Around 30,000 VA employees are currently furloughed as a result of the shutdown, VA Secretary Doug Collins told reporters, which is nearly double the number the department originally planned to send home without immediate pay. That figure will climb higher next week when VA furloughs most of its central office, but still represents less than 10% of its workforce.
Virtually all of the Veterans Health Administration, where most of VA’s employees work, is currently working and getting paid on time using multi-year funds. Disability and other payments are still going out, though Veterans Benefits Administration staff are currently working without pay. Most of the National Cemetery Administration is furloughed, Collins said, though some employees have been brought back to allow burials to continue.
Still, the secretary said, veterans are missing out on critical services, such as vocational training and employment assistance for those transitioning out of the military.
“Right now they can’t do it. They’re shut down,” Collins said. “So we have some people who are trying to make a life outside of their time in the service, and they can’t do this because Congress has decided that they want to shut the government down.”
More than 100,000 enrollees in VA’s Veteran Readiness and Employment program are not currently receiving counseling or case management services, VA said, and 16,000 separating service members are missing out on briefings on the transition to civilian life. It added that more than 900,000 beneficiaries in VA’s education programs cannot contact the dedicated phone line.
In a letter to Senate Minority Leader Chuck Schumer, D-N.Y., on Wednesday, Collins said the shutdown was making veterans question “the government’s commitment to those who have served.”
“Veterans should never have to doubt that their nation will uphold its commitments to them, and our dedicated employees should have to worry about feeding their families or paying the bills, especially as so many continue to work tirelessly every day,” Collins said.

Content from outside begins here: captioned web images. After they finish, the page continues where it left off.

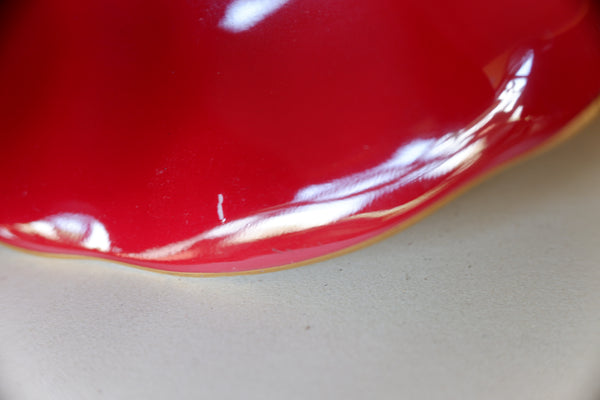 A close-up of a glossy red ceramic plate or bowl edge with a scalloped rim, resting on a light beige textured surface.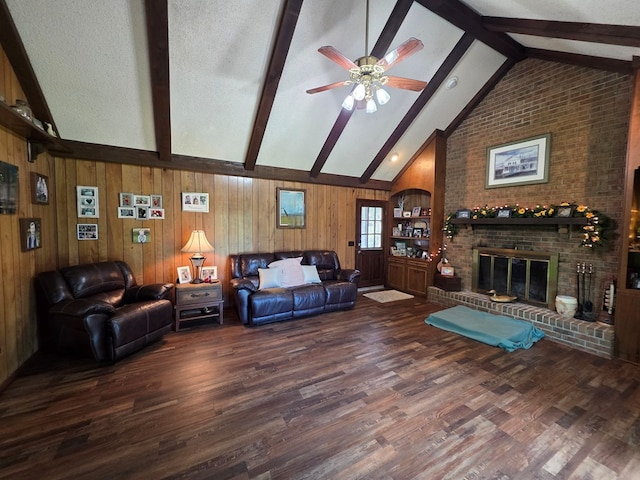 living area with beam ceiling, wood finished floors, ceiling fan, a fireplace, and wooden walls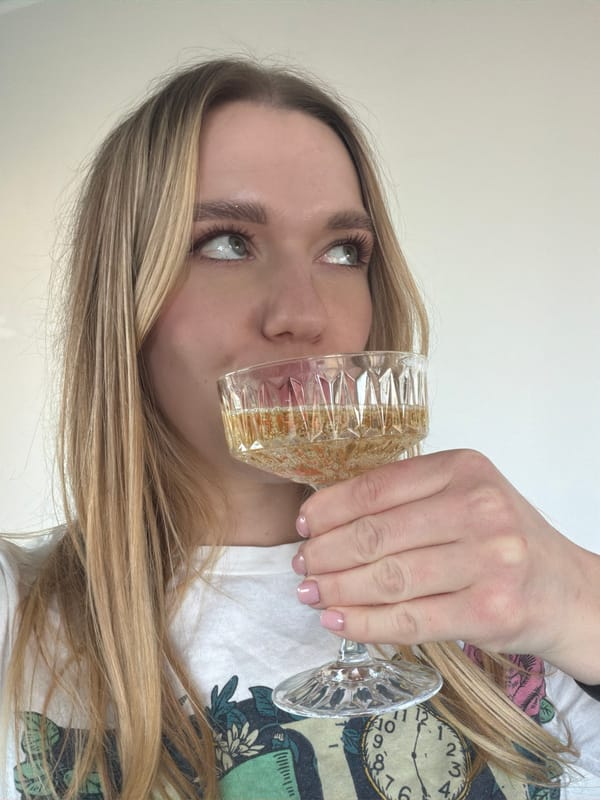 Woman with glass of pale liquid observed in Dreiliņi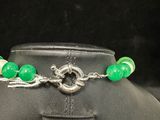 a close up of a necklace with green beads on a mannequin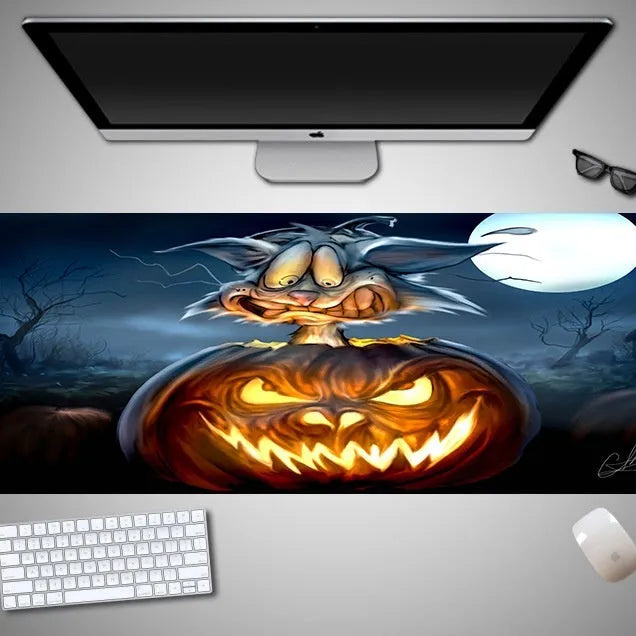 Large Halloween patterned gaming mouse pad on a desk showing non-slip rubber base and extra-long design.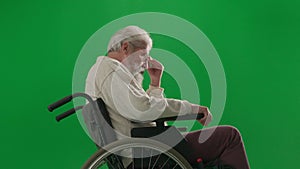 Portrait of aged disabled man on chroma key green screen. Close up senior man in wheelchair thinking deeply, upset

Collins has at times ostracized the VA workforce through his various efforts to trim it and his comments that the department does not exist to provide jobs. On Wednesday, he echoed the Trump administration’s position that existing federal law does not require VA to provide back pay to furloughed workers—in contravention of the statute Congress passed and President Trump signed into law in 2019—and such retroactive compensation will require new legislation.
Veterans service organizations have also called on lawmakers to reopen the government, laying out more ways their members are being hurt.
“The graves are unmaintained in full measure,” Mario Marquez, American Legion’s government affairs executive director, said last week. “How much more disrespect can you demonstrate than that alone?
He lamented the pause on transition services and said that in the midst of a suicide epidemic, the normal outreach efforts are not happening.
“So these problems are not administrative,” Marquez said. “They are a moral failure by our government.”
Democrats in Congress have accused Collins of “weaponizing” the shutdown by exacerbating its impacts. They specifically pointed to VA’s decision to cut off assistance with congressional inquiries seeking to resolve issues raised by veteran constituents and noted that VA should use the multi-year funding Congress has provided to keep those services running.
“We take those concerns or their specific cases directly to VA and advocate on their behalf,” Democrats from the House and Senate VA Committees said. “Thus, any delay in responding to this outreach or dispatching their cases will cause harm to the veterans we serve.”
Collins on Wednesday did not address that concern directly, but said the issues impacting VA would be resolved if the shutdown were ended.
“It’s time for my friends across the aisle to vote to open the government,” Collins said. “Quit holding my veterans hostage.”